Unfolding the Inference Network
  • If we unfold the inference network, it looks like as above.
  • D convolutions are performed with sharing parameters. Thus, there is no increase in number of parameters when more recursive layers are added.
  • The receptive field is widened with every recursion.

1.3. Reconstruction Network: f3

Reconstruction Network
  • It transforms the output feature maps from the inference network (multi-channel) into the original image space, i.e. high-resolution (HR) image.

1.4. Pros and Cons

  • The recursive model is simple and powerful.
  • But training a deep-recursive network is very difficult due to vanishing gradients problem.

2. Recursive-Supervision & Skip Connection

DRCN with Recursive-Supervision & Skip Connection

2.1. Recursive-Supervision

  • As recursive convolution is used, we can pass the feature maps to reconstruction network at any recursion.
  • In DRCN, for each recursion, the intermediate feature maps are also transmit to reconstruction network for reconstructing the HR image.
  • Thus, there are in total D outputs as shown at the right above.
  • An ensemble of all outputs with weighting significantly boost the performance.
  • The adversarial effect of vanishing/exploding gradients along one backpropagation path is alleviated.
  • The importance of picking the optimal number of recursions is reduced. If recursions are too deep for the given task, we expect the weight for late predictions to be low while early predictions receive high weights.

2.2. Skip Connection

  • Similar to VDSR, a skip connection is added as shown the figure above from input to reconstruction network.
  • First, network capacity to store the input signal during recursions is saved.
  • Second, the exact copy of input signal can be used during target prediction.
  • In super-resolution, LR and HR images are vastly similar. In most regions, differences are zero and only small number of locations have non-zero values. This domain-specific knowledge significantly improves the learning procedure.
  • Of course, it can address vanishing gradients issue.

3. Loss Function

  • l1-loss: MSE between D outputs and the ground-truth HR image using recursive-supervision.
  • l2-loss: MSE between the weighted D outputs and the ground-truth HR image.
  • The final loss function: A weighted sum of l1-loss and l2-loss plus weight decay.

4. Results

  • Training: 91 images, roughly takes 6 days using Titan X GPU.
  • Testing: Four dataset of Set5, Set14, B100 and Urban100.

4.1. Number of Recursions

Recursion versus Performance for the scale factor 3× on the dataset Set5
  • 1, 6, 11, and 16 number of recursions are tested.
  • More recursions yielding larger receptive fields and more non linearity lead to better performances. And 16 is chosen as optimum.
  • When the 16-recursion DRCN is unfolded, the longest chain from the input to the output passes 20 convolution layers (receptive field of 41×41).

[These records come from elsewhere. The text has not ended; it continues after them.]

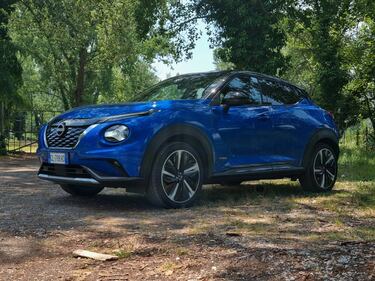 Nissan Jukel Hybrid prova su strada: guarda le foto 1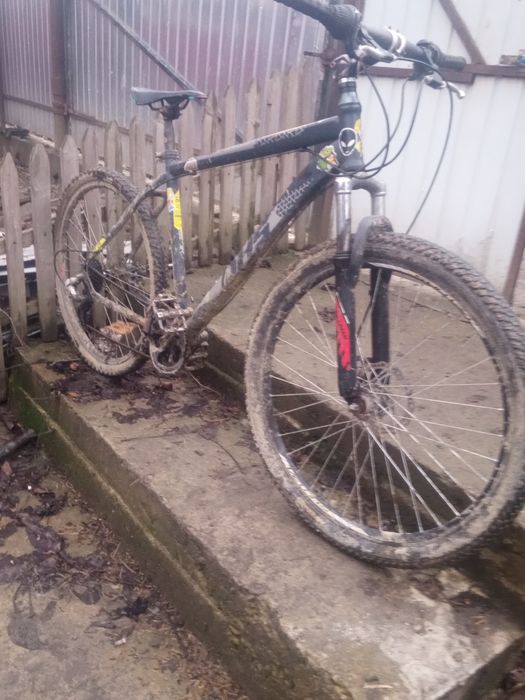 Vând bicicleta  DHS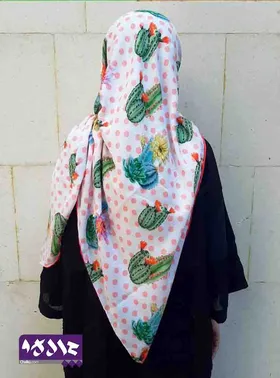 روسری نخی طرح کاکتوس خال‌خالی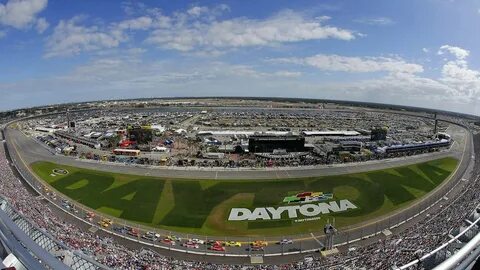 9 Facts About The Daytona 500 To Impress Your NASCAR Friends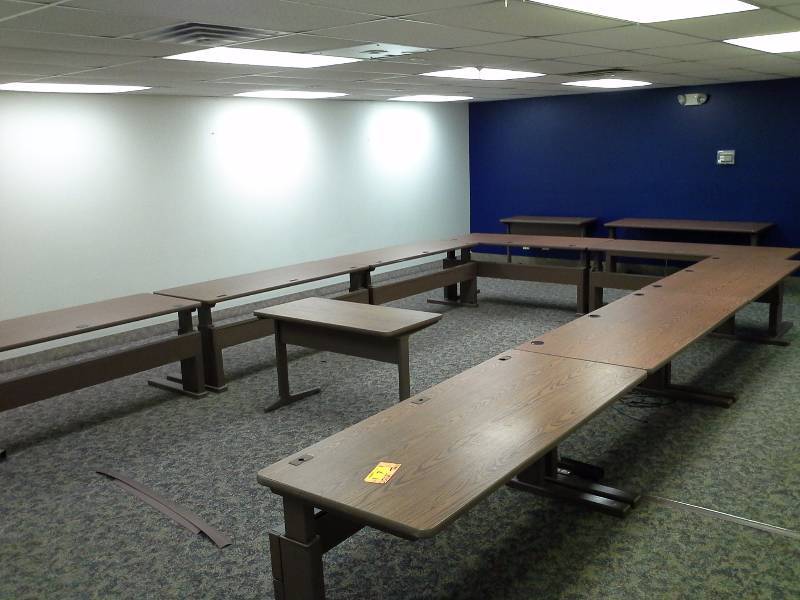 Training Table Lot (Adjustable Height)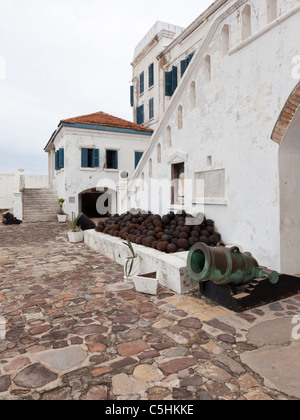 Antike Kanonenkugeln und Kanonen. Cape Coast Castle, ein ehemaliger Sklave Fort. Cape Coast, Ghana Stockfoto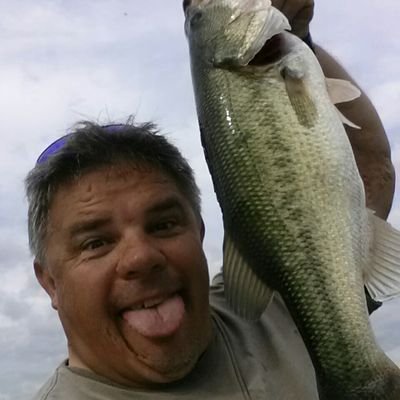 Nebraska dad that loves to fish and hunt. Love the Cornhuskers and the Steelers.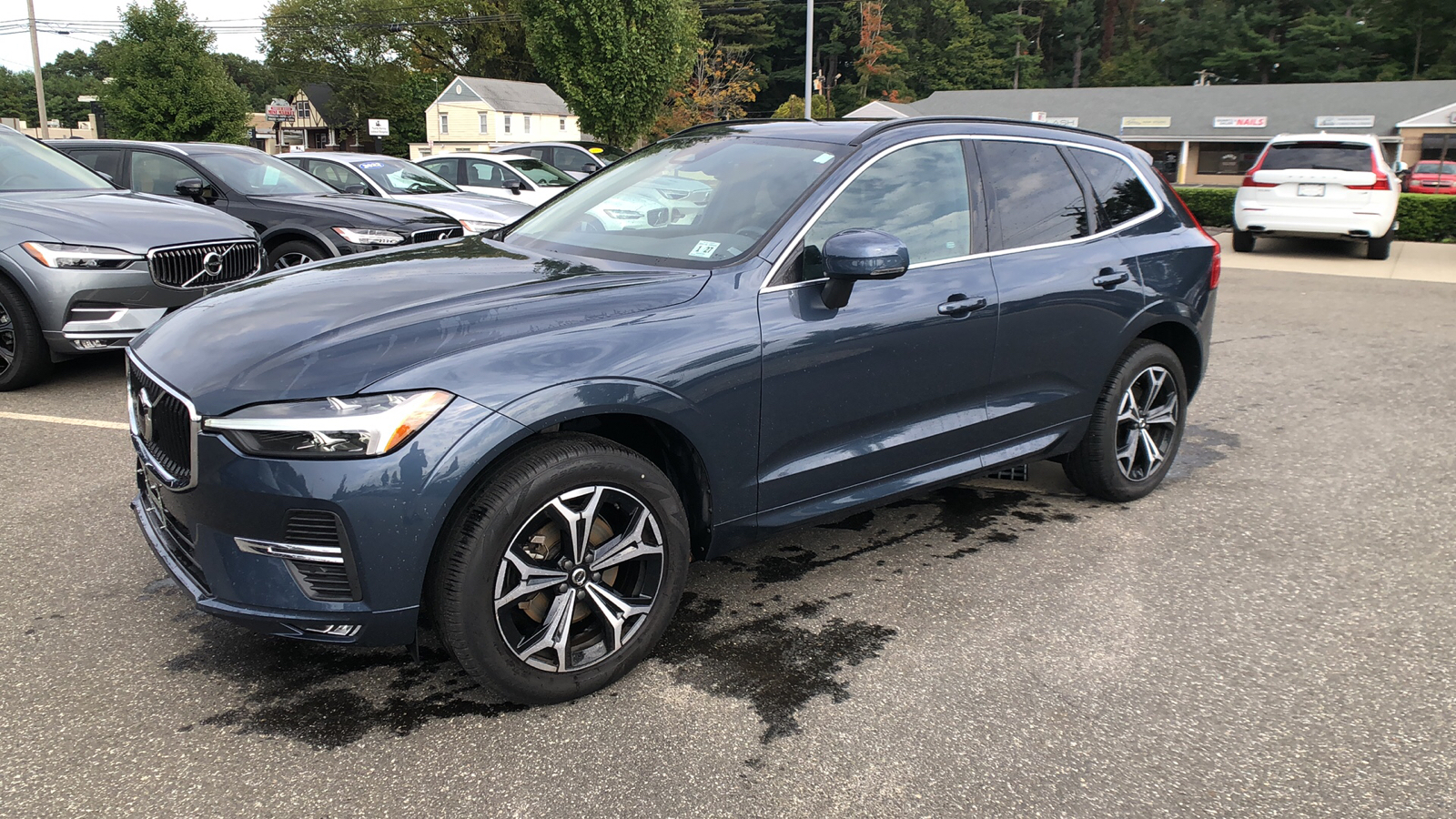 2022 Volvo XC60 Momentum 3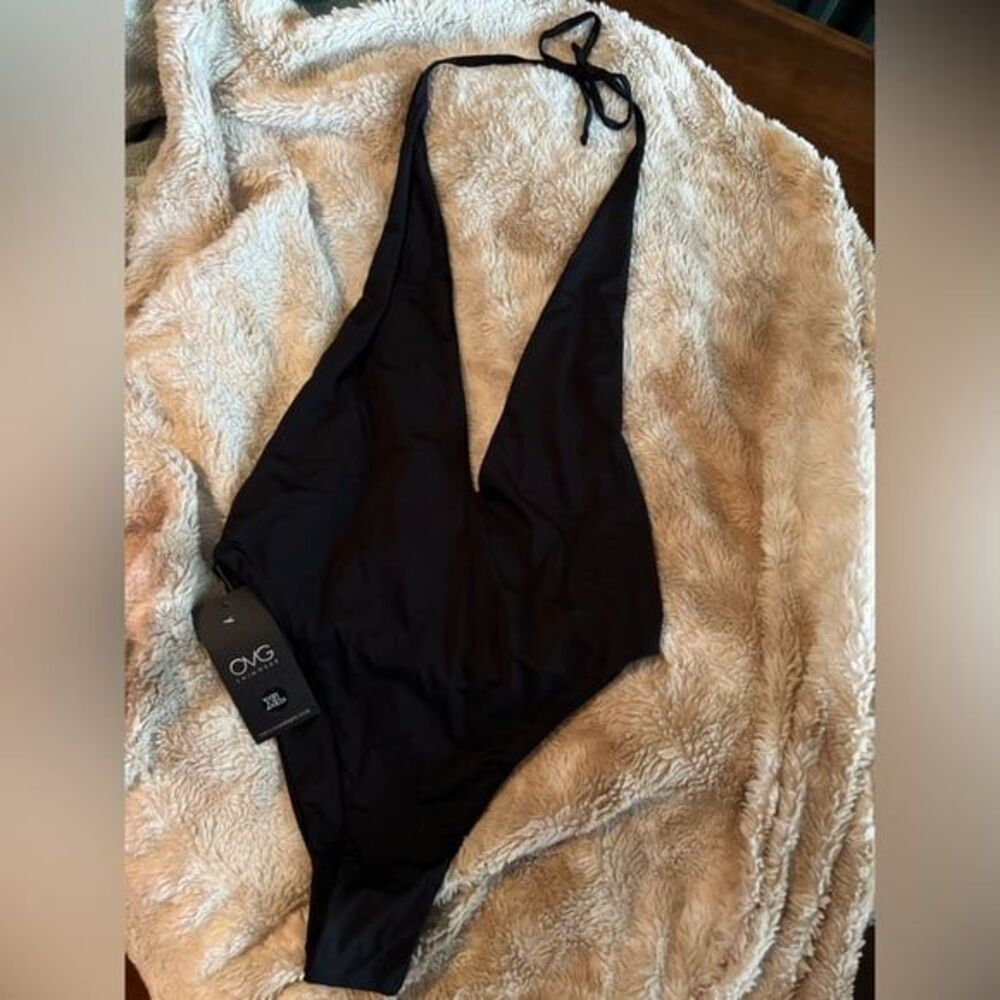 OMG‎ Swim NWT Heartbreaker Monokini One Piece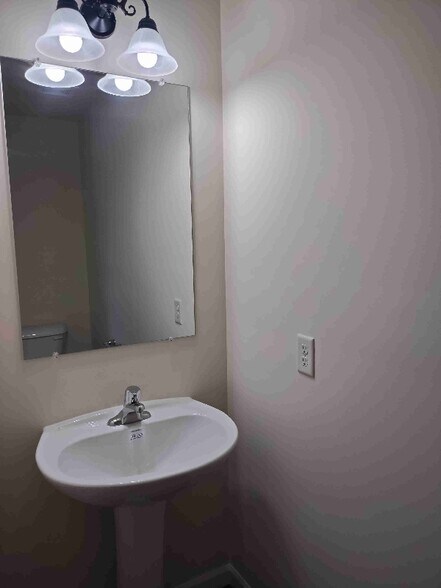 Building Photo - 113 Meadowbrook Ln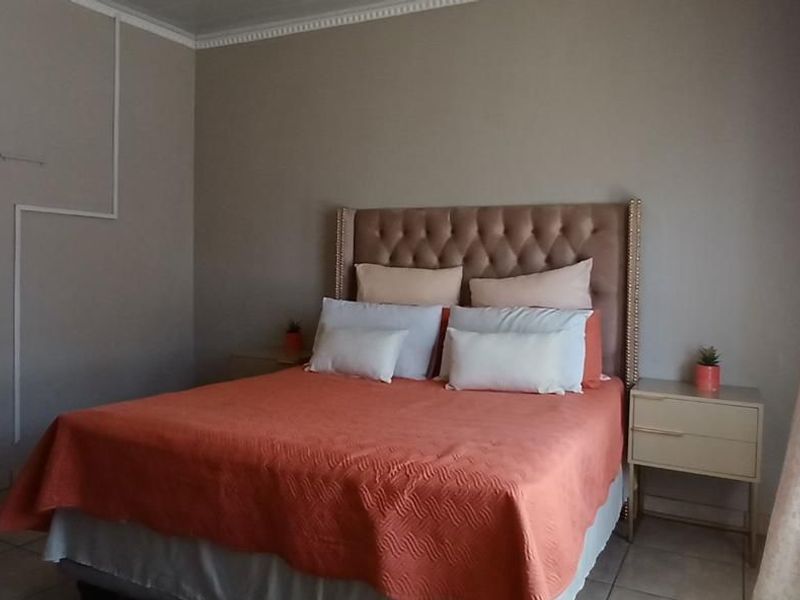 Welcome to a beautifully maintained family home. - Photo 10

4.2. Individual Output versus Ensembled Output

  • There is no single recursion depth that works the best across all scale factors.
  • Ensemble of intermediate predictions significantly improves performance.

4.3. Comparison with state-of-the-art Approaches

Benchmark Results
  • Since A+ and RFL use the center part only for evaluation but not image boundary. The above PSNR and SSIM are measured using the center part only.
  • DRCN outperforms SRCNN for all scaling factors and datasets.

4.4. Qualitative Results


By using recursion, more layers can be added without adding any extra parameters can be achieved, and the results are improved.